And I think that while I’m having trouble putting it into words, I hope that’s what the picture conveys. I mean, for me, that is where I was with my Mana when she was no longer a part of our present but became a memory. And while those moments can be so incredibly difficult and painful to experience, they can also be unspeakably beautiful. And I cannot imagine not being there with her and being able to hold her hand in mind when that happened. And there are so many people throughout the last few years who haven’t been able to be with the people that they loved when that happened. And I now view it as even more of a privilege than I did when it happened.
Bianca Schulze: Molly, I wish we were in person because that was a very moving, hug-worthy response. And I’m so grateful for you being so open and sharing with us the, I guess, the quintessential meaning of this book for you.
I’m not Jewish, but I think that’s a Jewish saying that I really love that when somebody passes and you say, may her memory be a blessing, and I feel like that I just love that sentiment because that is almost what your book is. Your book is, ultimately, may her memory be a blessing. And it’s a reminder to anybody who picks it up and shares this book, you know, that we will experience loss at some point in our lives, and the memories of the people we lose are a blessing for most of us.
Molly Idle: And if we’re lucky, I mean, it sounds odd to say, but if we’re lucky, that’s what happens to us, right? That we love people so much that it is so hard to let them go. My dad is a mathematician, and I often think of the inverse relations of things or the direct relation of things mathematically.
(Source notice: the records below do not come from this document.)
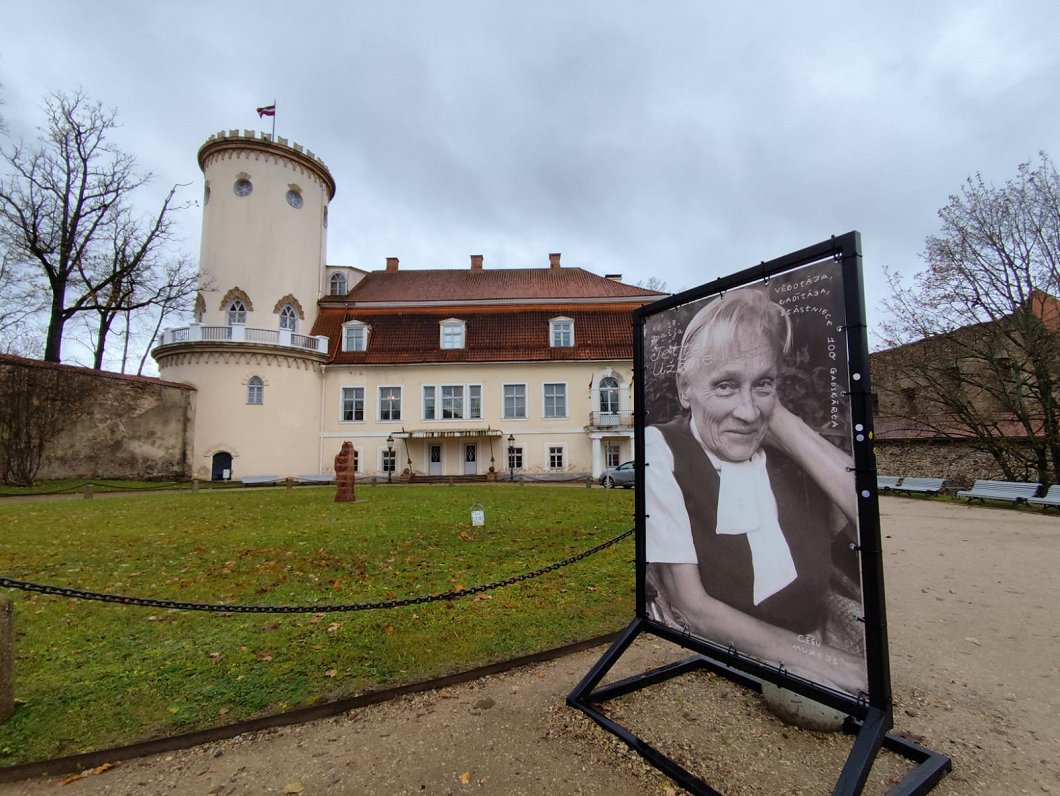 Cēsu muzejā izstāde «Dzīvais cimds» un sākas «Jettes skola»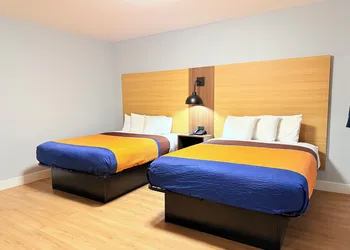 Double N Motel hotel thumbnail 6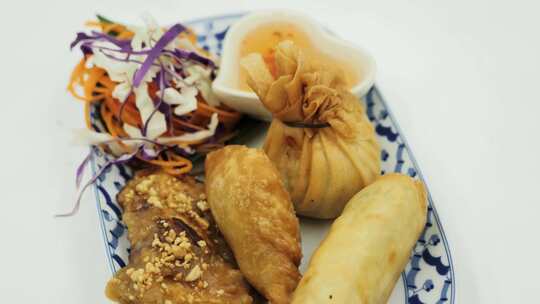 桌子上的传统泰国美食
And I think our sense of loss is directly proportional to the love that we had for that person. So, if you’re lucky, you get to grieve for somebody that way, but also, what you’re really grieving is all the things you’ll miss.
And I found that as I worked on this book, the times that I would cry the hardest were happy tears. Like, I was laughing, there’s, like, that bittersweet feeling, things I would think of that we said to each other that were, like, ridiculous and, like, we laughed so hard, we cried, and they wouldn’t be that funny to anybody else. And all these millions of moments that we’re so lucky to have had. And I feel so incredibly fortunate to have a platform to express that in the form of a story and to make this conversation one that is not so scary.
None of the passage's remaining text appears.